Solving the Stagnation Puzzle

One of the world's leading economists discusses policy issues that lie at the root of Manitoba's relative economic stagnation.

Ideas have consequences, the saying goes, and it resonates with the many Manitobans who believe that our province’s vast potential won’t be realized without a fundamental change in thinking. The wag who stated that a working definition of insanity is to try the same things over and over and expect different results would feel at home in the keystone province.

Insane is too strong a word. But our traditional, orthodox approach of heavy political involvement in the economy through redistribution, subsidies, state-owned enterprises and monopolies persists despite relatively dismal results.

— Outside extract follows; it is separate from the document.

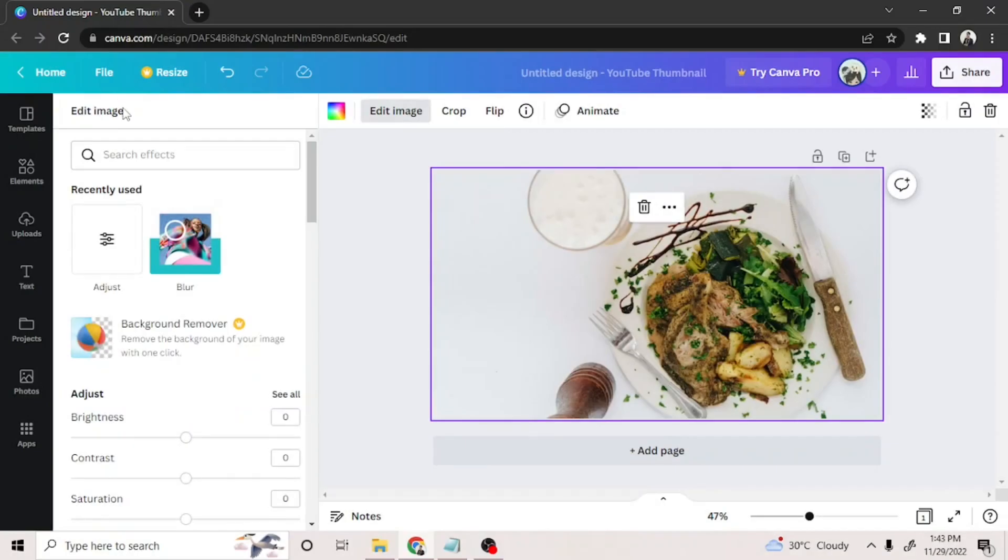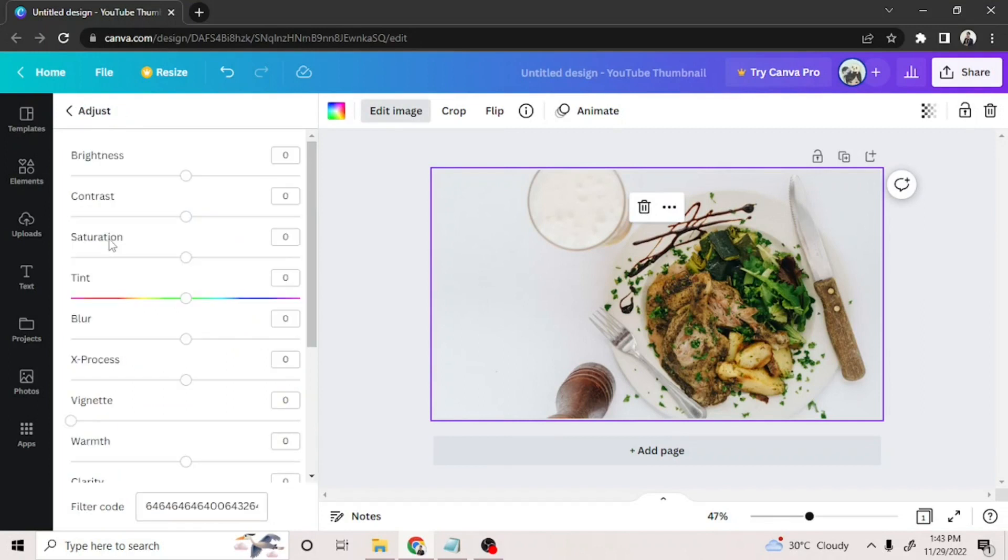If you don't see that option when you scroll down, then just click the adjust button right here, find saturation, and adjust it until all colors are gone.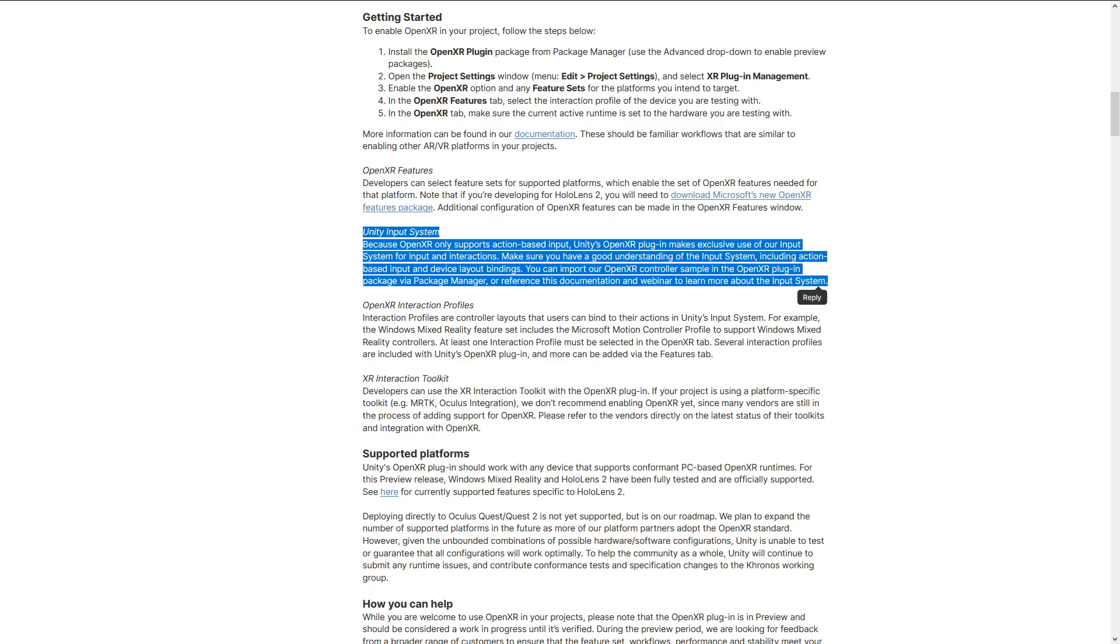This is important because OpenXR only supports the action-based input that we can get from Unity's new input system. Unity has also provided us with some controller samples for common controllers that we would use in OpenXR, including things like the Vive as well as the Index. We'll be looking at setting those up as well. All right, I think that about does it for the explanation. Let's get into Unity so we can work all this out.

A few promising changes dot the electoral landscape, with a subtle subtext of tax reduction playing out in the Liberal, Conservative and even NDP platforms. The Tory property tax promise is a good start for overdue education reform. Jon Gerrard’s Liberals have the boldest platform, embracing broader tax cuts and clearly stating that the health system needs better policy, not more money. The NDP, unable to adopt a more dynamic policy model without severe internal ructions, is most comfortable with the status quo.

So our political parties agree on more things than not. The ideas of Gordon Tullock, one of the world’s greatest living economists, help explain why our political class’s intellectual moorings are so stuck in the expansive government mode of the 1970s. His insights underlie a school of economics known as “public choice”.

In a wide-ranging interview, Tullock defines “public choice” simply as economics applied to political matters. Politicians introduce policies because they want to win the next election. They buy votes by expanding state services. They never say “no” to the highly organized interest groups that drive public spending. Meanwhile the unorganized majority who don’t want more spending are dispersed. It’s a straightforward view that explains Manitoba’s high spending and taxes, relative lack of private investment and slow growth.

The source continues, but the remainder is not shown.